Recently I was asked by a union education representative to undertake pension workshops at one of the offices of a large financial company that has both DB and DC pension schemes. I was to give a short introductory talk followed by a ‘question and answer’ session on general pension issues.
The sessions were well attended and my presence well received. However having prepared myself for questions on the health of the pension fund, investment strategy, the strength of the sponsor and myriad others reflecting on my role as trustee, I was actually confronted with one overwhelming question from defined benefit employees; when and how can I get money out of the pension fund?
Steve Webb, the then pension minister, attracted media attention in March 2014 when he remarked in a television interview that due to the coalition governments pension reforms, he was relaxed if pensioners wanted to spend their savings on a Lamborghini.
This remark was an apparent attempt to make sexy the boring world of pensions and, though ill-advised, it succeeded for a while, making pensions newsworthy and part of the public’s consciousness.

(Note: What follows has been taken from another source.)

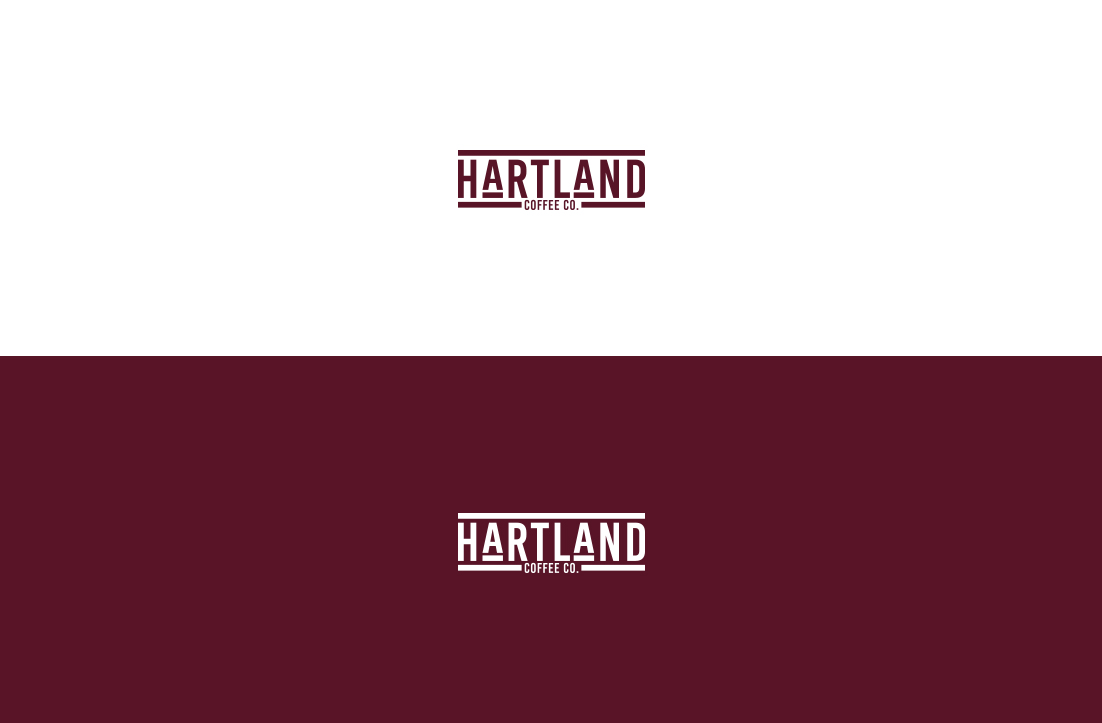 Logo Design by GLDesigns for Hartland Coffee Co. | Design #20334171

Sadly this euphoria did not last long and the subject has once again effectively disappeared from the news, only reappearing as part of larger stories around buccaneering owners and store closures.
However what seems to have remained in employees’ minds is the ability to withdraw their fund from a scheme, even if that scheme is a defined benefit scheme. This is reflected in the significant increase of enquiries and transfers we have within the pension fund in which I am a trustee, and I expect this is mirrored in other schemes. Although we are monitoring this position, we are not unduly concerned as transfers out reduce the liabilities of the fund.
We are though mindful of the potential for pension liberation fraud. The law, however, obliges us to make such transfers provided we make the necessary checks. When I was asked the question at the workshops I was able to go further than normal checks by asking the question; ‘why do you want to withdraw from the fund?’ The consensus seemed to be simply because it was a pot of money that they hadn’t realised they could get at. There was little or no concern as to what that would mean for their future retirement income.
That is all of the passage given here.